Response #4: Indeed, the distances from CYP2C9*1/CYP2C9*1 dataset between GG/CC and GT/CT genotypes are very similar (see Table 5, 322.501 vs. 278.345). In order to corroborate the hypothesis that GT/CT may be the most common genotype in Koreans, we analysed an additional experimental trial in which the frequencies of different ABCB1 genotypes in patients who shared the same ethnicity were studied (Park et al., 2007). The analysis showed that the GT/CT genotype was more prevalent than the other genotypes (40.5 %). For further details, please refer to lines 313-323 of the revised manuscript.

 

Point #5: Please fix the language in line 316.

Response #5: If we understand your comment correctly, you meant the following sentence: "CYP2C9 genotypes with CYP2C9*2 were not examined due to the absence of this variant in the Korean population". We have amended it as follows: "The CYP2C9*2 allele was excluded from the analysis due to its rarity in the Korean population, as confirmed by previous studies" (please see lines 337-338 of the revised manuscript).

 

Point #6: Could you clarify how the model was validated in 3.3? It looks like the model is built based on Shin 2020 dataset for ABCB1. Is there another dataset for validation or did you use half of the dataset to build the model and the other half for validation? It's unclear how the k_m and k_ent_int value validate the model.
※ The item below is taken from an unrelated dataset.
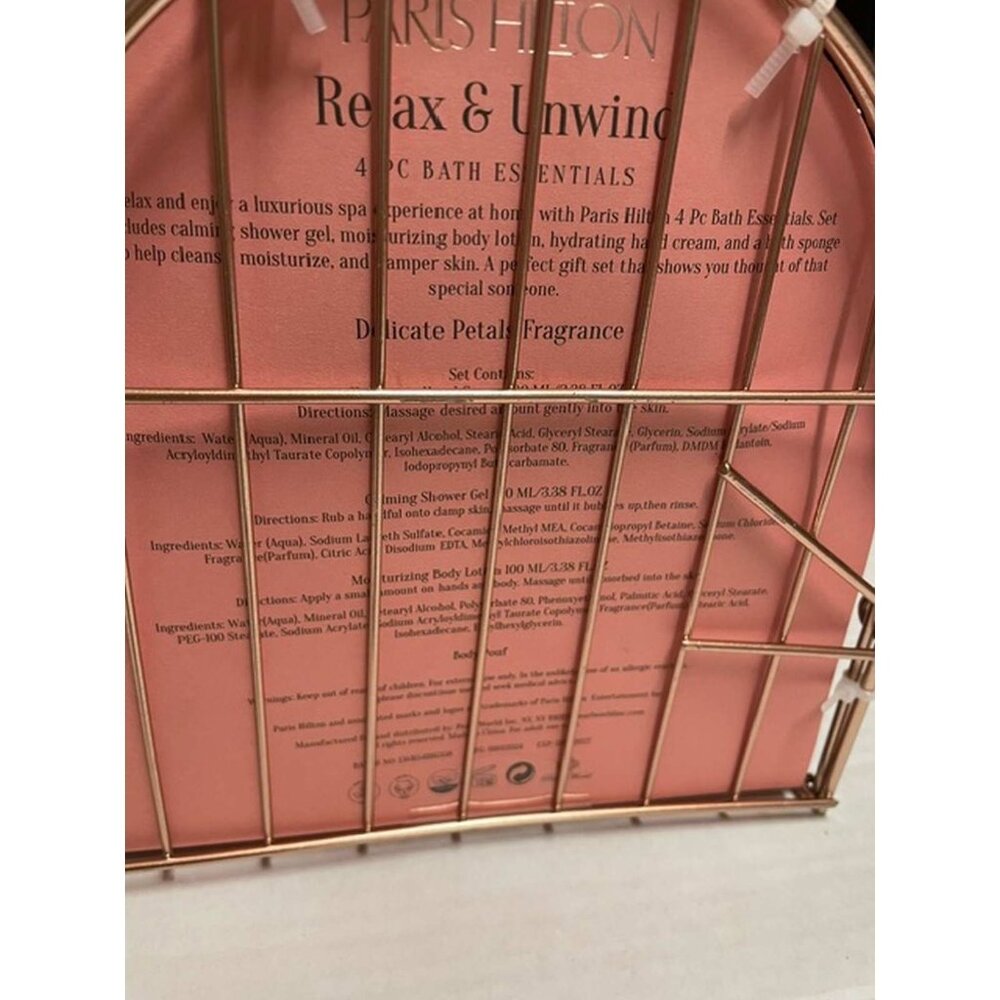 Paris Hilton 4 Piece Relax & Unwind Bath Essential Kit Delicate Petals - Picture 5 of 6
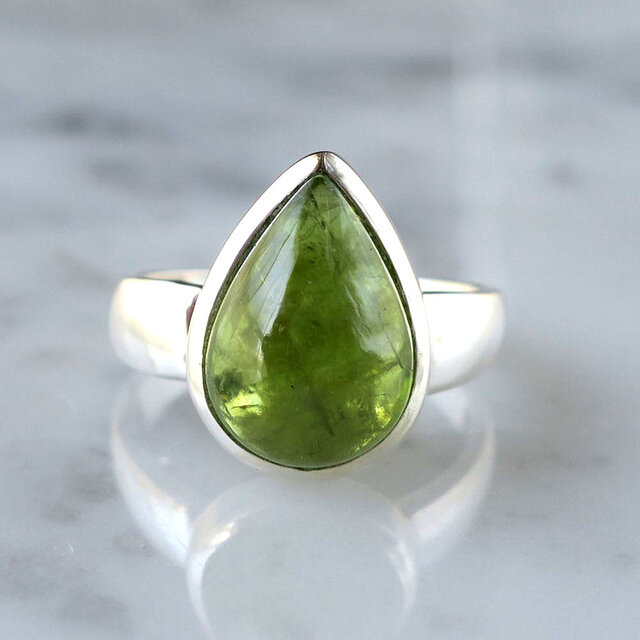 ペリドット リング しずく カボション 6.50ct フリーサイズ 天然石ジュエリー 8月誕生石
Response #6: The values of the model parameters were estimated based on two datasets. The first dataset (Bae et al., 2011) was used to estimate k_m, which indicates CYP2C9 activity (the first estimation step), while the second dataset (Shin et al., 2020) was used to estimate all other model parameters.

On the first step, using only one dataset (Bae et al., 2011) we determined two values of the k_m (for CYP2C9*1/CYP2C9*1 and CYP2C9*3/CYP2C9*3 genotypes). Secondly, we fixed the already identified values of the k_m and using both datasets, (Bae et al., 2011) and (Shin et al., 2020), we identified the values of all other parameters. Note, that on this estimation step we received three values for the k_ent_int parameter (for each ABCB1 genotype: GG/CC, GT/CT, and TT/TT), as for the k_m on the first estimation step. 

We have expanded section 3.3 for better understanding of the whole process (please, see lines 334-336, 339, and 347-350 in the revised manuscript).

Round 2

Reviewer 2 Report

Comments and Suggestions for Authors

Thanks for addressing my comments. I don't have any further comments.